Records provided:
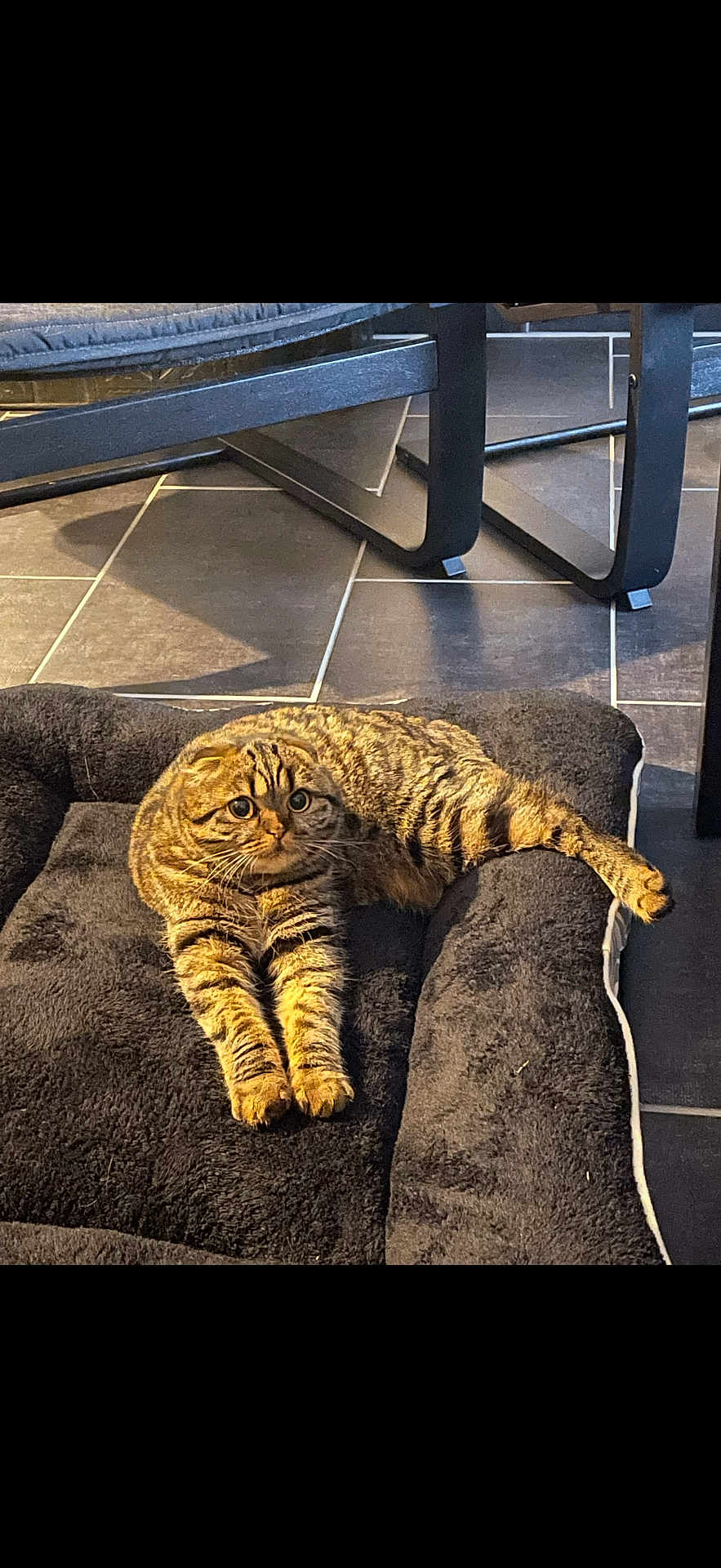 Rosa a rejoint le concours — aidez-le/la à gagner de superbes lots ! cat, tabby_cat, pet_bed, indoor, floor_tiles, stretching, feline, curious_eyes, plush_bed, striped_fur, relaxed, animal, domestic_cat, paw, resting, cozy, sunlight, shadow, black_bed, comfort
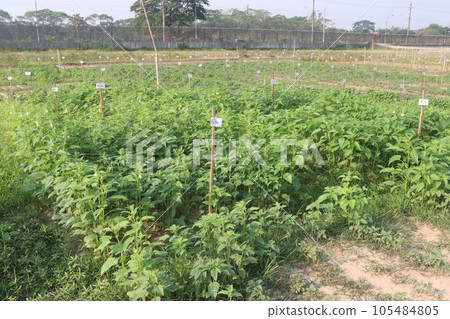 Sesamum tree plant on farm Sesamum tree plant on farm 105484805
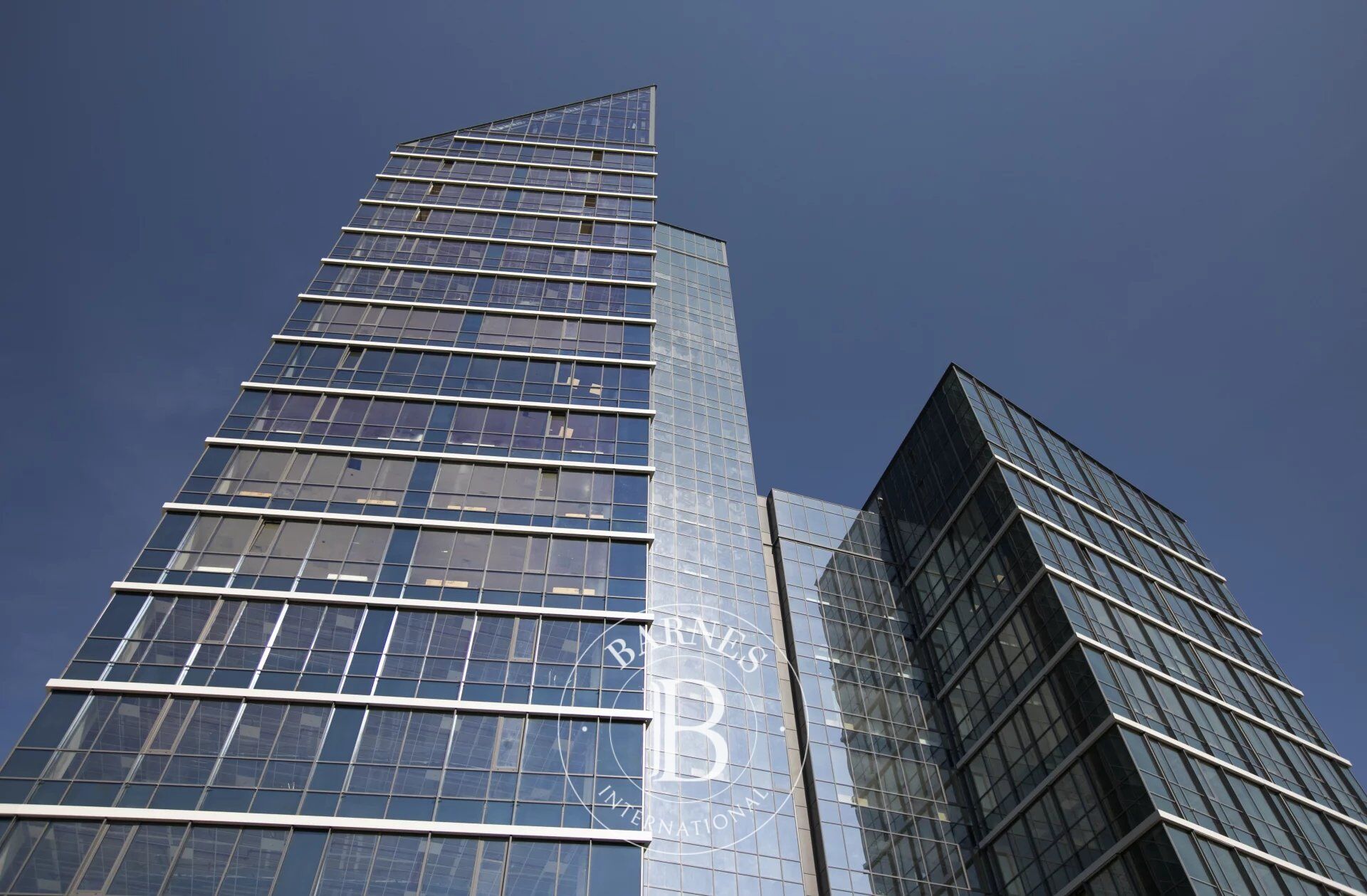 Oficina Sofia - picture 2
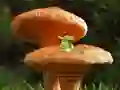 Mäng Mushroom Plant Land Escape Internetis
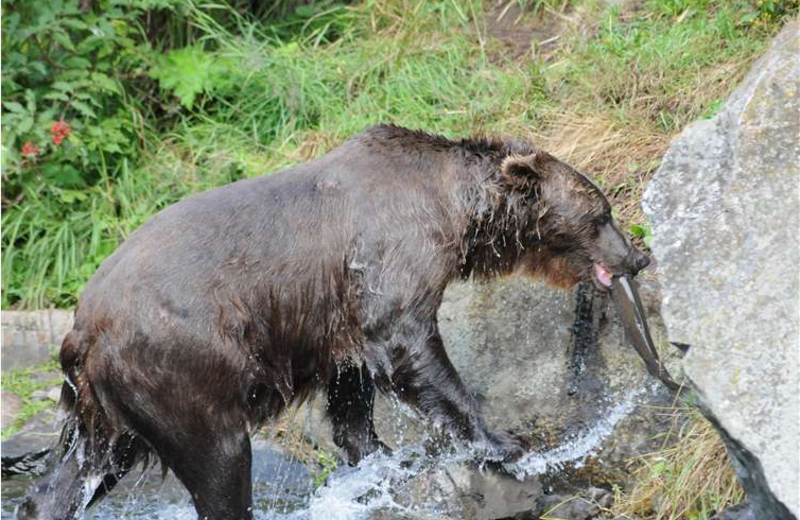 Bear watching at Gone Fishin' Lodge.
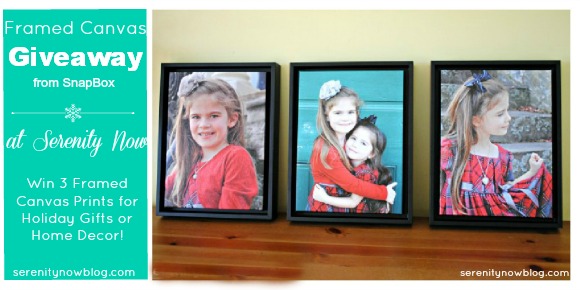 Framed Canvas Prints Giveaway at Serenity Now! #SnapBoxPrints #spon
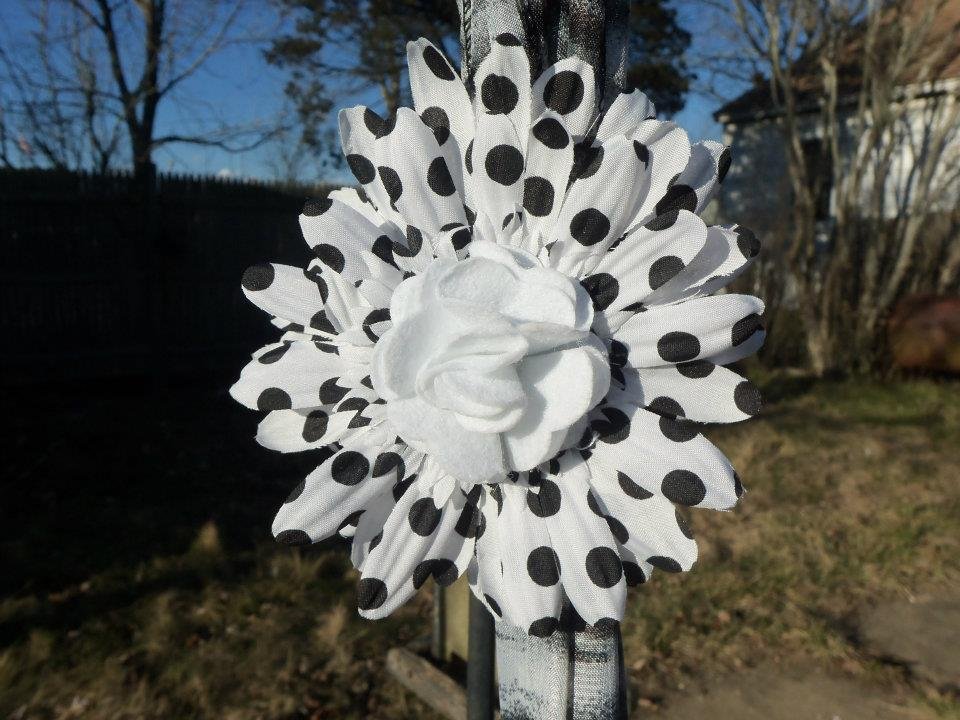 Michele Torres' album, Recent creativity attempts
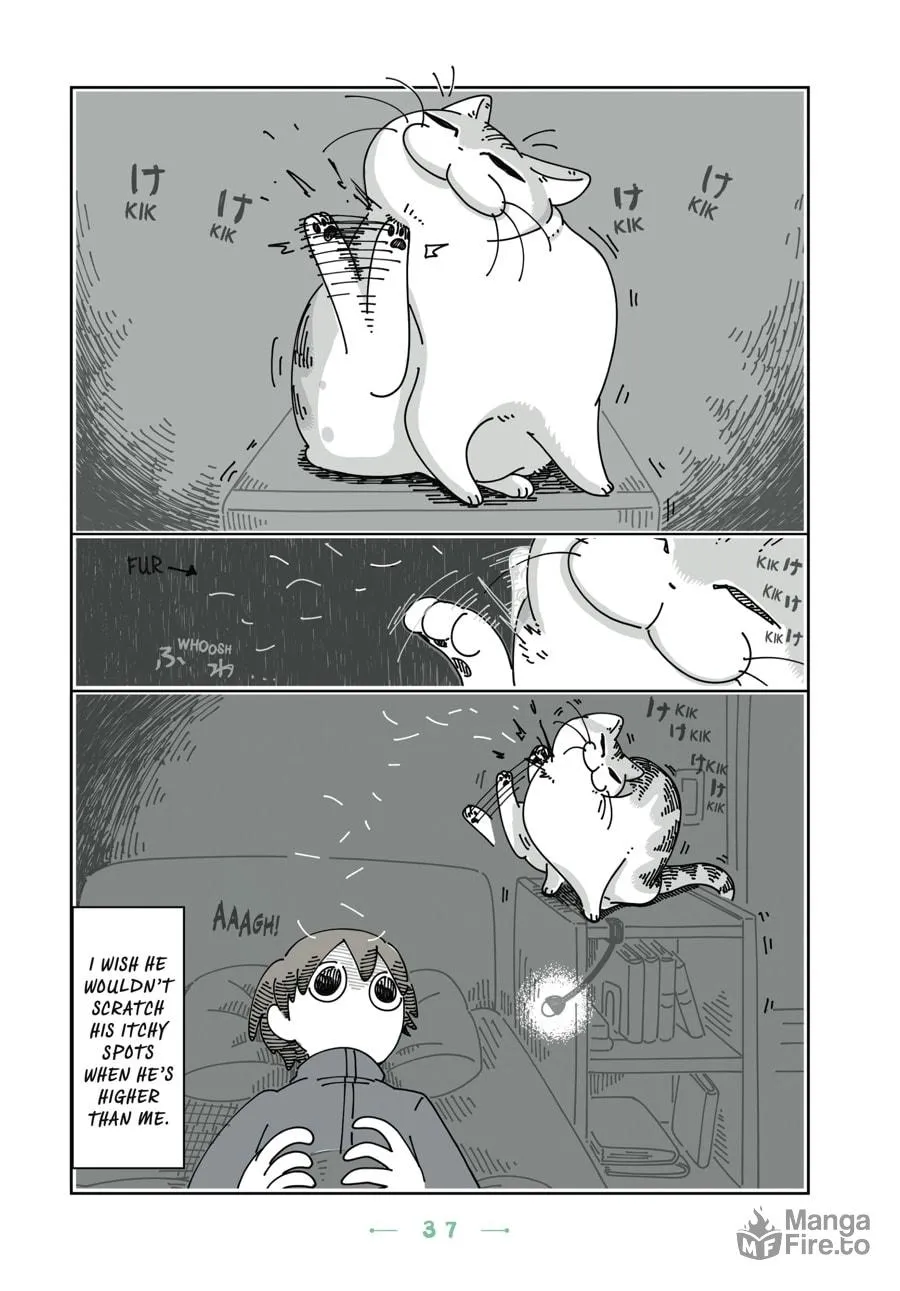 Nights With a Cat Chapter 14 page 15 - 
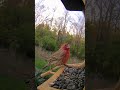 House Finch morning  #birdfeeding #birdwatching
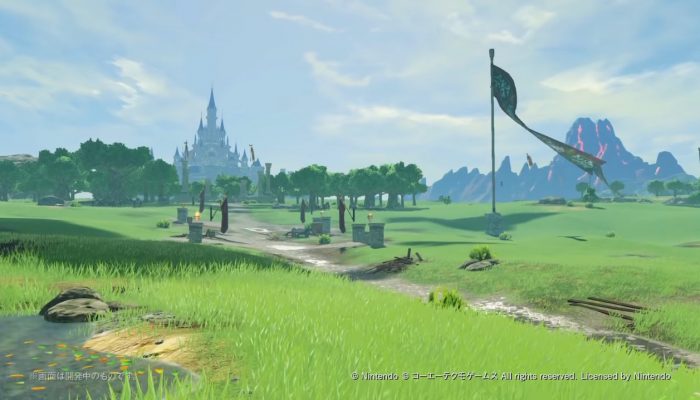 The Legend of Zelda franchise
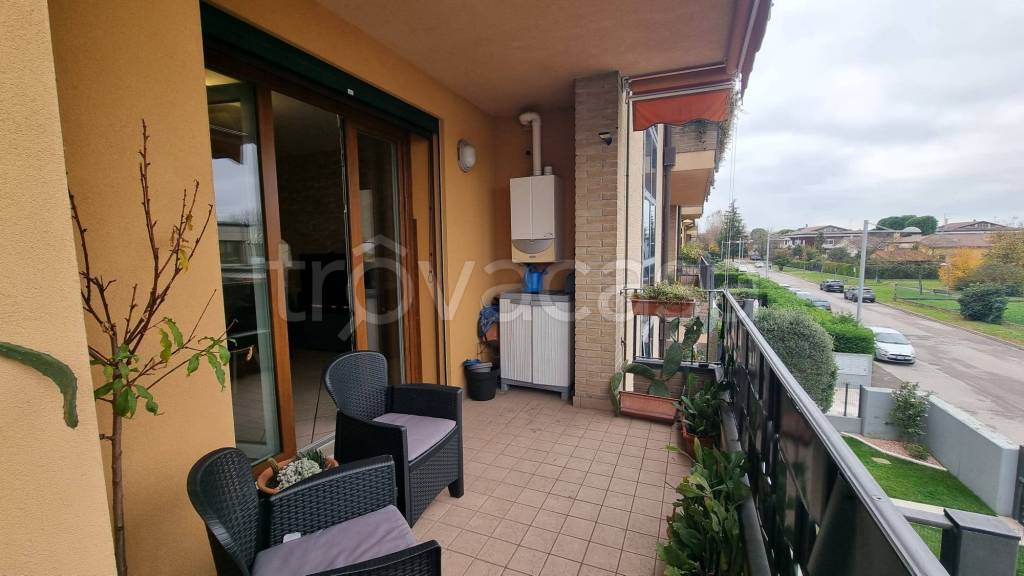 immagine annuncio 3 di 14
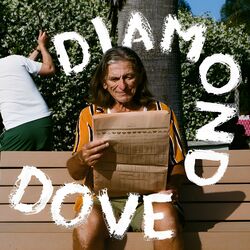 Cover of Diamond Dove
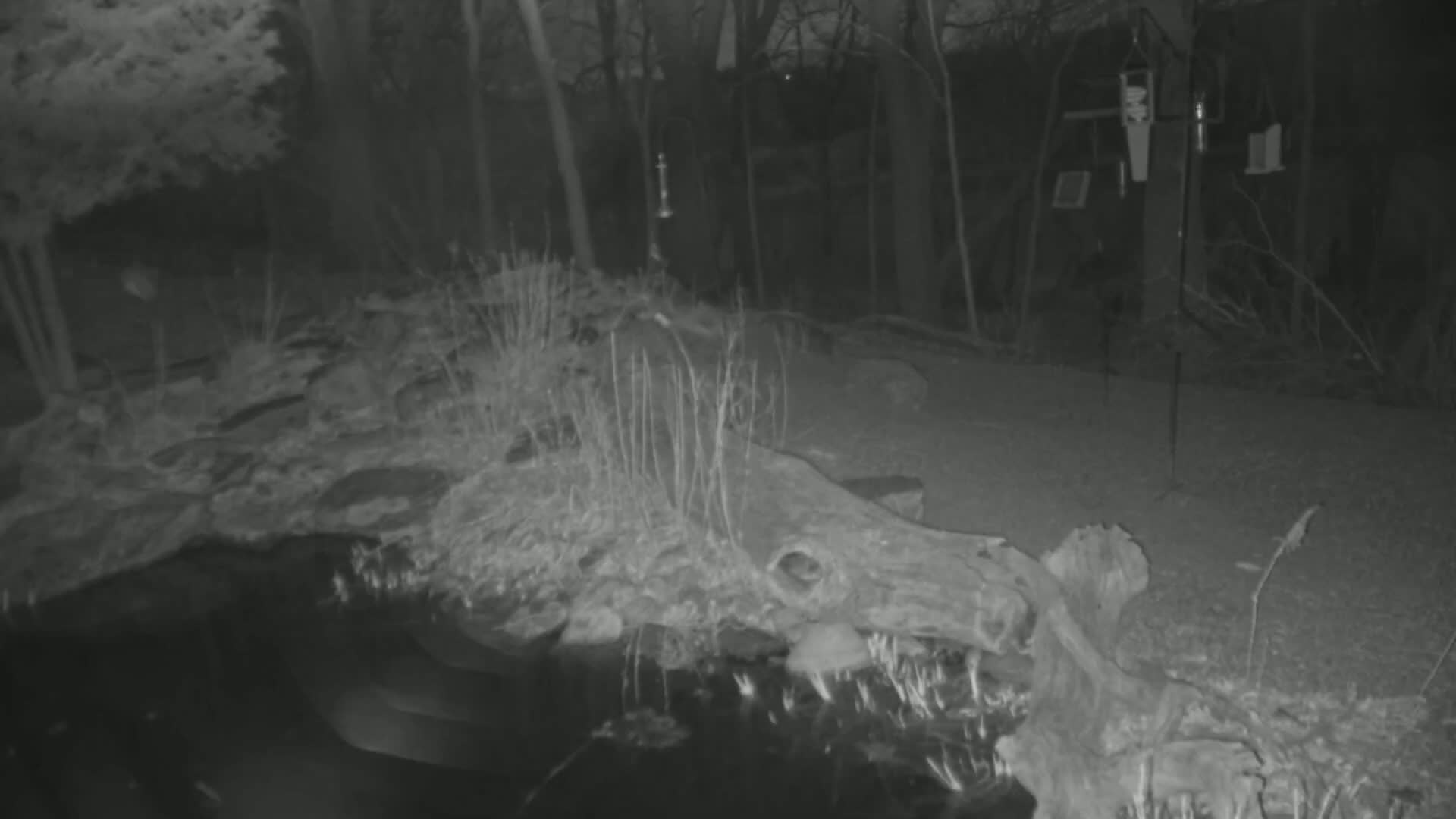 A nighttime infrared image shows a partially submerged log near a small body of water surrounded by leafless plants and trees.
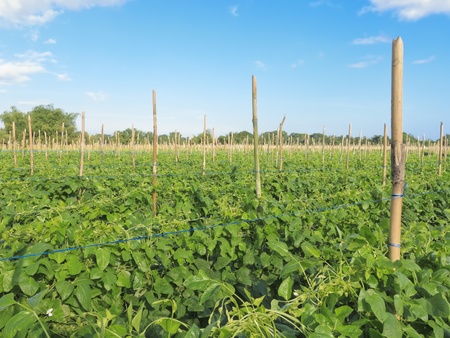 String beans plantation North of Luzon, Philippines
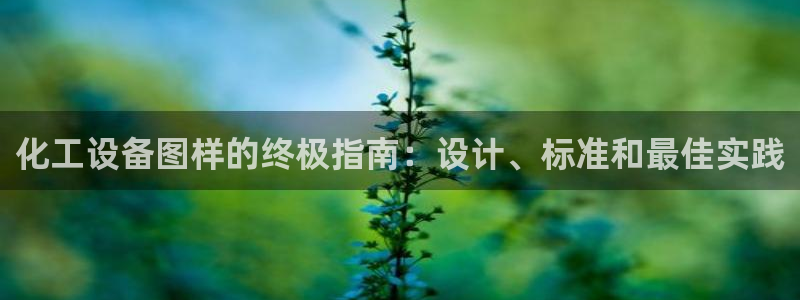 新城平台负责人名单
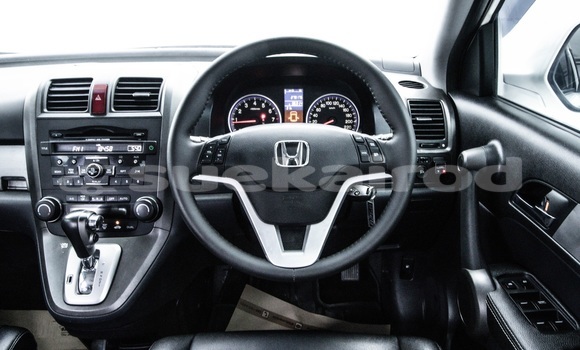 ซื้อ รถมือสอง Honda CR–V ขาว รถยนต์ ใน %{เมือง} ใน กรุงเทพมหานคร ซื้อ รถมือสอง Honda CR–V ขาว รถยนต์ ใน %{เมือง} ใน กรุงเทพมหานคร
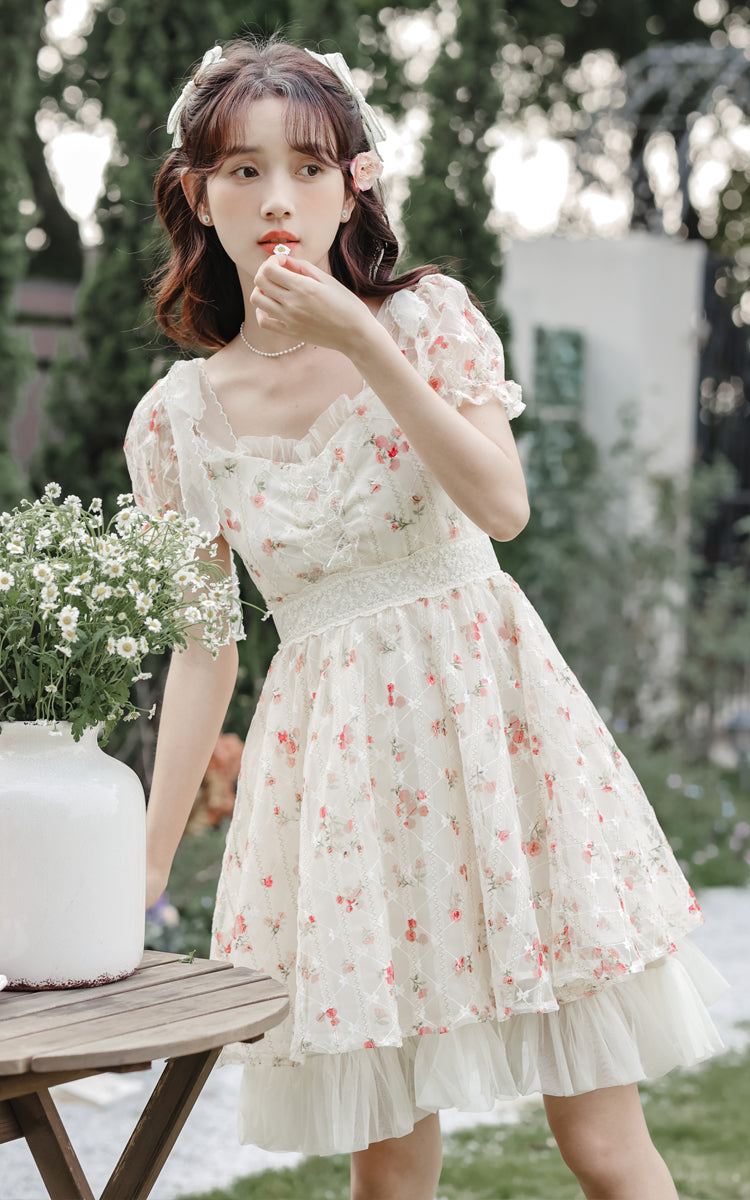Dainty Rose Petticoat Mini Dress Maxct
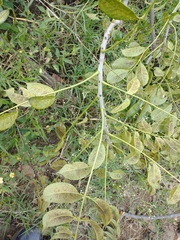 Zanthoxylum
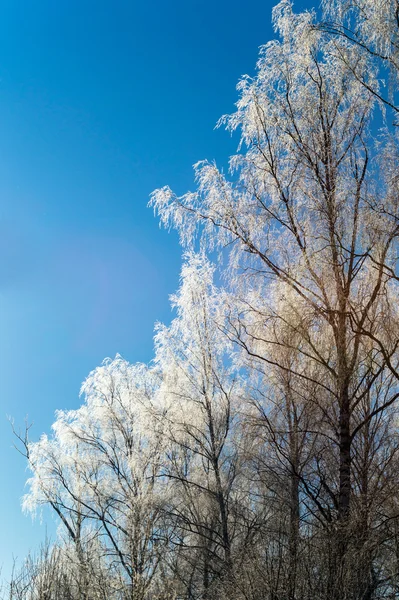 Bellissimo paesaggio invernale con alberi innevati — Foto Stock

Work request: Write out the records shown above exactly, but do not include any images.

Output of the exercise:
 Rosa a rejoint le concours — aidez-le/la à gagner de superbes lots ! cat, tabby_cat, pet_bed, indoor, floor_tiles, stretching, feline, curious_eyes, plush_bed, striped_fur, relaxed, animal, domestic_cat, paw, resting, cozy, sunlight, shadow, black_bed, comfort
 Sesamum tree plant on farm Sesamum tree plant on farm 105484805
 Oficina Sofia - picture 2
 Mäng Mushroom Plant Land Escape Internetis
 Bear watching at Gone Fishin' Lodge.
 Framed Canvas Prints Giveaway at Serenity Now! #SnapBoxPrints #spon
 Michele Torres' album, Recent creativity attempts
 Nights With a Cat Chapter 14 page 15 - 
 House Finch morning  #birdfeeding #birdwatching
 The Legend of Zelda franchise
 immagine annuncio 3 di 14
 Cover of Diamond Dove
 A nighttime infrared image shows a partially submerged log near a small body of water surrounded by leafless plants and trees.
 String beans plantation North of Luzon, Philippines
 新城平台负责人名单
 ซื้อ รถมือสอง Honda CR–V ขาว รถยนต์ ใน %{เมือง} ใน กรุงเทพมหานคร ซื้อ รถมือสอง Honda CR–V ขาว รถยนต์ ใน %{เมือง} ใน กรุงเทพมหานคร
Dainty Rose Petticoat Mini Dress Maxct
 Zanthoxylum
 Bellissimo paesaggio invernale con alberi innevati — Foto Stock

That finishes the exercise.